Our laundry room is finally complete (minus the flooring!) and I couldn't be happier with how it turned out. It's much more functional than before and I actually ENJOY spending time in there now. If I didn't have two toddlers running around and an ever-growing pregnant belly, this project could've been completed in a weekend and is totally do-able for beginners!
Building the shelves
I started by building the shelves. I wanted space for laundry bins as well as our vacuum and a hanging rod for clothes to dry. I came up with a design and measured it out to fit our space (depending on the space in your own laundry room this can be modified of course). I used 2x4s to first build the base.
Then 3/4" blonde wood for the shelves themselves. I used my Kreg pocket hole jig to drill holes on the outside of the shelves so they won't be visible.

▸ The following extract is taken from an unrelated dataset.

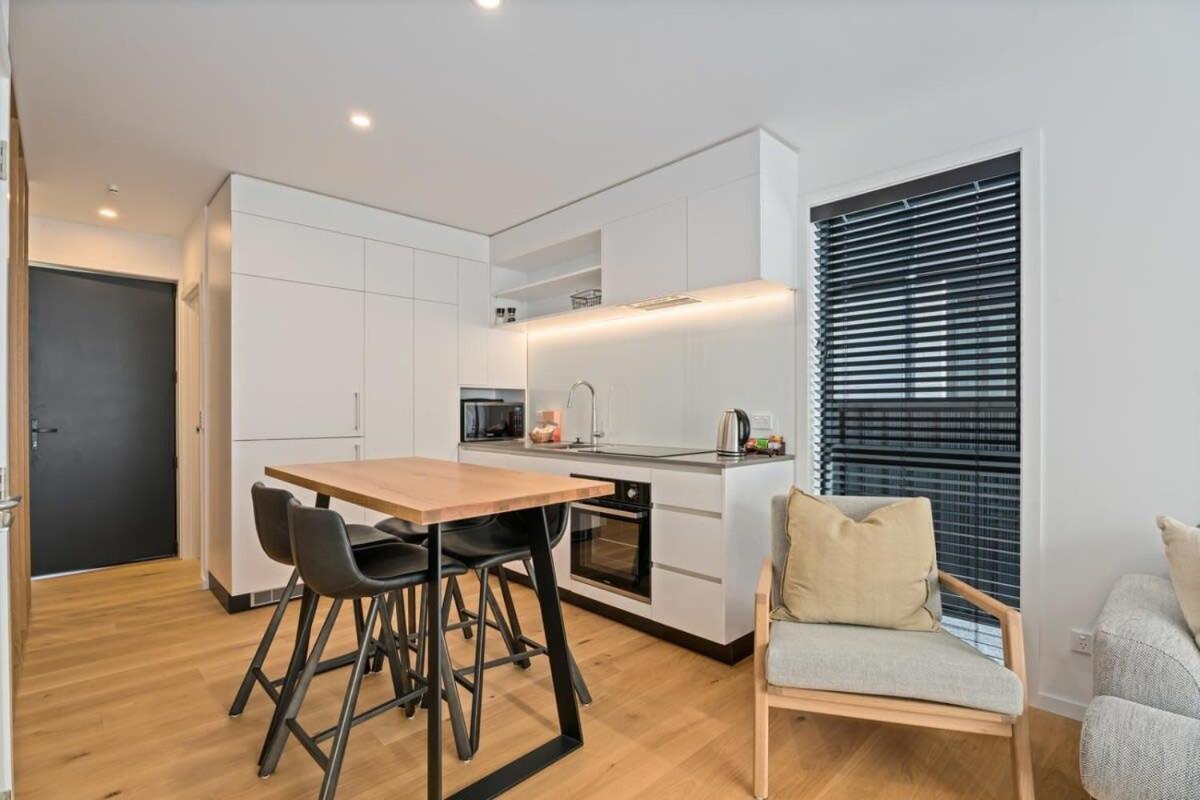 Alps And Lake Retreat Wanaka Albert Town Εξωτερικό φωτογραφία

After building the shelves I moved onto the wall treatment. I loved the idea of having beadboard to go along with the beadboard in our adjacent mudroom and also wanted lots of hooks to hang drying clothes. This was my first time installing beadboard and it was surprisingly simple!
I started by eyeing how high I wanted it to go. This is personal preference but I like it close to 2/3 or 3/4 of the way up the wall. I also accounted for the 1x6 that would go on top. I attached it with my nail gun, and one thing to be careful of is to look for pipes since you're in the laundry room! If you're installing it behind the washer/dryer units you may want to attach it to the wall with an all-purpose glue and then use your nail gun a few places where you KNOW there isn't a pipe behind the wall.

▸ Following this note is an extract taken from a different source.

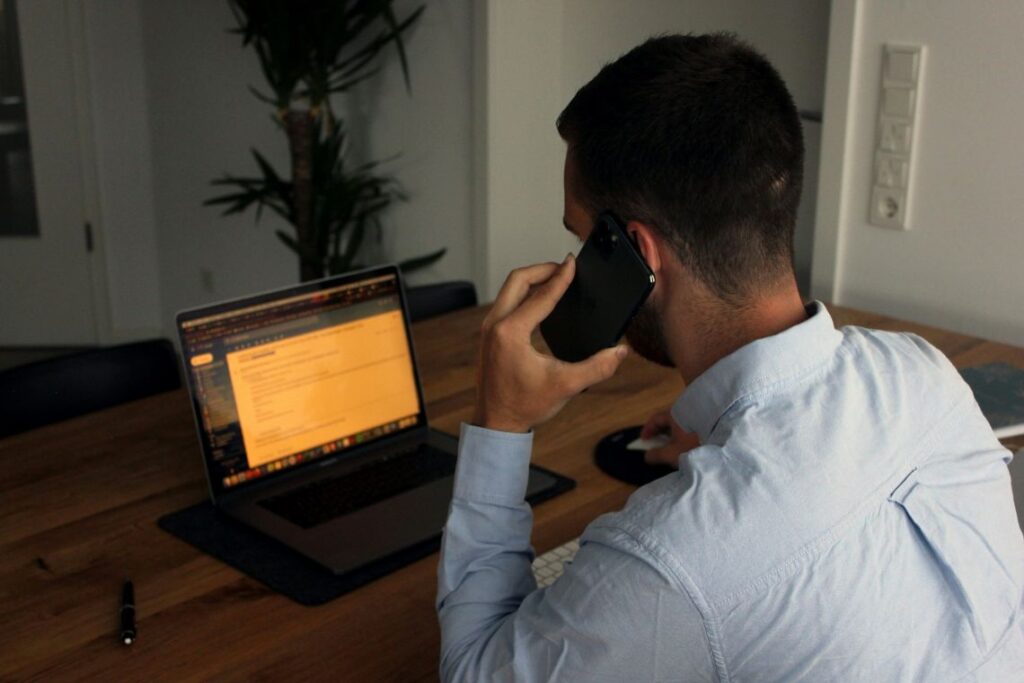 Phone Call While Working - Bizvox Communications Business Hosted Voip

I decided to build a platform for our washer/dryer units because in doing that, I would hide all the random outlets that were placed too high and I wouldn't have to either move them or cut the brick around them! My husband and I are both tall, so keep this in mind if you have top loaders- it may make them too high to work well for your family! I used a simple frame made with 2x6s and then added plywood on top. I wrapped our existing baseboards around and was really happy with the result!

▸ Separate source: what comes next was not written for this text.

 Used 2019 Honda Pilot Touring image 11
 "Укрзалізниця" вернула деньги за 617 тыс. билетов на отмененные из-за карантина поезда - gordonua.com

I've been dying to add brick in our home and lime wash it for so long and thought the laundry room would be a great, safe place to start! I bought a TON of brick tiles a few months ago when I found them on clearance and decided to use some for the wall behind the sink/washer/dryer.
Why use a limewash versus just painting the brick white?
With a lime wash the product is absorbed by the bricks, it's 'thicker' and gives a nice, soft, "fluffy" look! Paint just sits on the surface of the brick and can chip over time. I often get asked if you can lime wash exterior brick and the answer is yes! You even have about 5 days before it's cured so if you don't like it you can remove it within that time, but it's a great option for exterior brick!
I first removed the existing tile- it was much simpler than I thought and all I needed was a hammer and chisel. You want to be careful not to damage the wall too much, even though you'll be covering it back up again. I also removed all the caulk and lightly sanded it down so it was smooth.
Next I attached the brick, starting at the bottom, with all-purpose adhesive. I let the bricks dry as I moved up the wall and didn't do it all at once to make sure the bricks on the bottom were secure enough to support the bricks above it. For the bricks that needed to be cut vertically, I just used a brick chisel and hammered down which was simple and easy! Once I got to the top I needed to cut a few bricks lengthwise, and opted to buy a tile saw. It was under $100 and because I would eventually need one for the flooring job I plan on doing, I figured it was worth it to buy. And it DEFINITELY was. It was quick and easy and made a perfect cut!
Painting the cabinets
Lastly, I painted the cabinets. I honestly did this the quickest way I could, and if you're painting your kitchen cabinets I would recommend doing a little more prep work and using a paint sprayer for the smoothest application possible. I used the same paint in 'Perfect Greige' and just applied with a brush, sanding with a 220 grit sanding sponge in between coats (but NOT after the final coat!). This is my favorite paint for cabinets/trim but you need to give it at least 48-72 hours to cure.
And that's the laundry room for now! I still plan on replacing the existing flooring with the brick I bought, but will wait until after my pregnancy and newborn stages are over!